The important thing for people to understand, says Rodriguez, is that “you don’t need to get a credit card and go into debt to build a credit history.”
Walzak says most traditional lenders follow the “rule of two.”
“They want to see two years of housing history, two years of tax returns and two years of employment history as a sign of your stability as a borrower,” Walzak says.
Some lenders have established lending practices designed to reduce emphasis on your credit score.
“At SoFi, the biggest piece of our loan evaluation process is your ability to repay the loan,” says Dan Macklin, vice president and co-founder of SoFi, a consumer lender based in San Francisco. “What’s most important to us is your cash flow and whether you can afford the monthly payments.”
While SoFi requires a credit report and a credit score, the company is more flexible than some other lenders and doesn’t have a minimum credit score requirement for a loan approval.
“We’ll look at more than just your salary and credit and we’re willing to include a variety of income sources to evaluate your full financial picture,” Macklin says.
SoFi’s mortgage loans, available in D.C. and Maryland but not yet in Virginia, require a 10 percent down payment but do not require mortgage insurance.
Talmadge says that one caveat for borrowers with a nontraditional credit history or a low credit score is that if they choose to make a down payment of less than 20 percent on a conventional loan, they’ll also need to be approved by a private mortgage insurance company.
“Mortgage insurance companies tend to be more traditional, so it can be harder to get a loan approval from them,” Talmadge says.
Right now, Rodriguez says, Federal Housing Administration loans are the most lenient for borrowers with credit challenges, but those loans require mortgage insurance for the life of the loan that can make the monthly payments higher than conventional loan payments.
Northwest Federal Credit Union has a variety of loan programs to meet the needs of members with financial circumstances that don’t fit conventional loan guidelines.
“We have credit counselors that work with members to chart a path to establish credit or increase their credit score,” Talmadge says.
He says that after an average of about six months most members can become eligible for a loan.
“Everything depends on the individual lender and the risk you’re presenting,” Walzak says. “If you don’t have much money in the bank, have had three jobs in the past year and are getting a gift for your down payment funds plus you lack a credit history, that’s a lot different than someone who has held the same job for several years, has a solid rental history and money saved for the home purchase and just lacks a credit history.”
Whether your issue is a low credit score because of a limited credit history or you lack a credit history, it pays to consult a lender if you want to borrow money to buy your first home.
•Don’t assume you can’t qualify for a mortgage if you have a low credit score because of a limited credit profile — or even no credit score at all.

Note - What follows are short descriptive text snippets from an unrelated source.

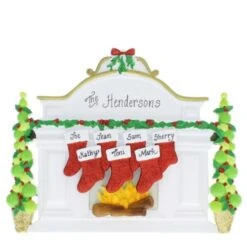 Mantle Family Of 7 -Esquire Shop 104571 1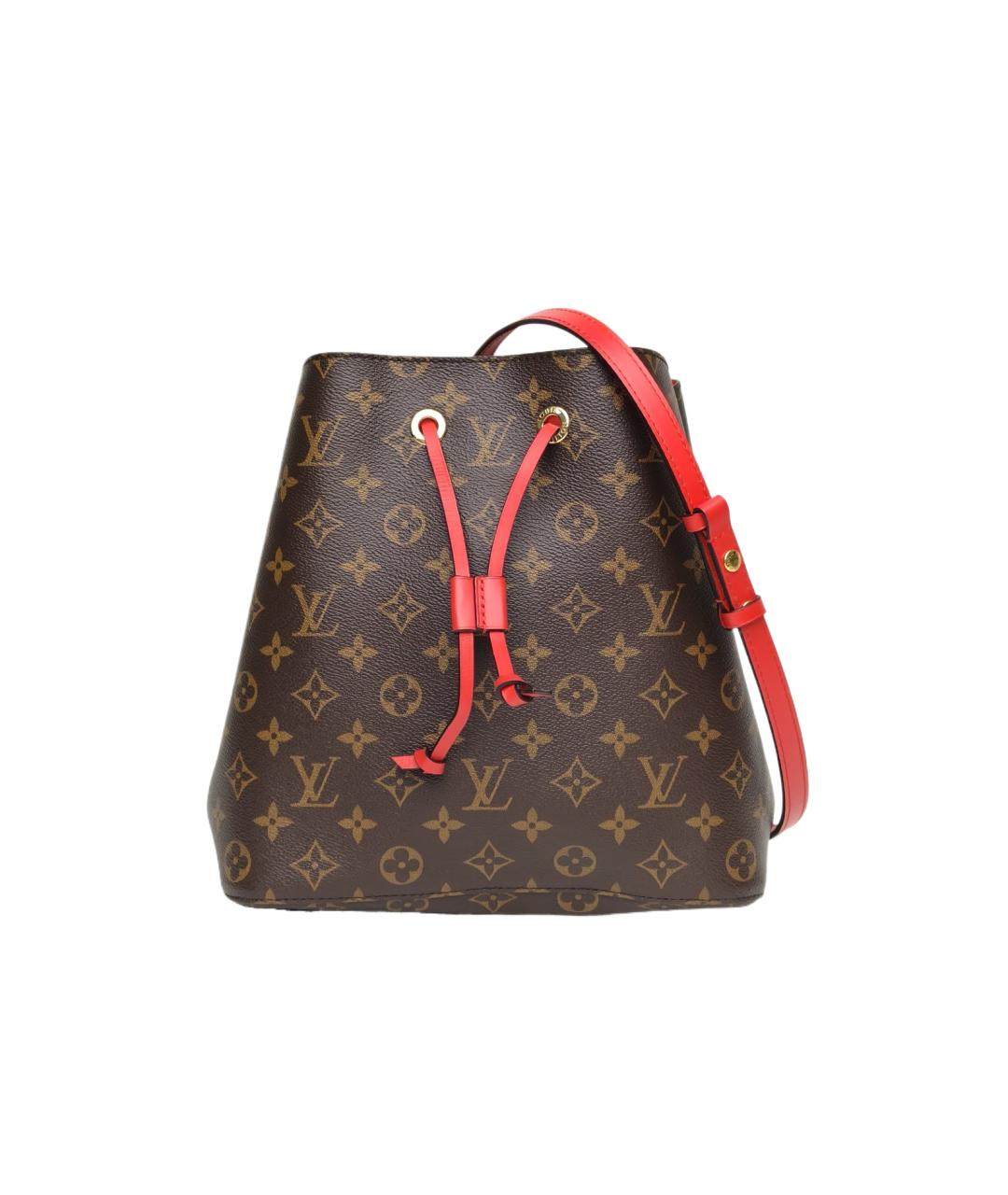 LOUIS VUITTON Коричневая сумка через плечо, фото 10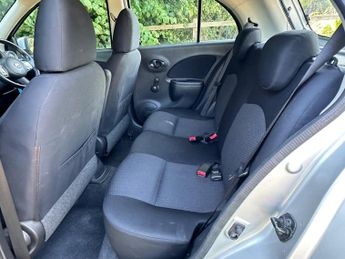 Nissan Micra 1.2 12V Acenta CVT Euro 5 5dr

Some lenders are willing to work with borrowers to establish a nontraditional credit profile or to find ways to improve a low credit score.
•A larger down payment, higher levels of cash reserves and verifiable income that can easily cover your mortgage payment can help compensate for credit issues.
•A nonprofit housing counselor can help someone with a low credit score improve their credit.
•Applying for a credit card and using it responsibly can boost your credit score but you can also rely on other sources to establish your financial history, such as your rent payment and other bills.
•Talk to at least two lenders to compare their programs, interest rates, fees and mortgage insurance premiums.
•If you’re turned down for a loan by more than one lender, contact a nonprofit housing counselor for advice.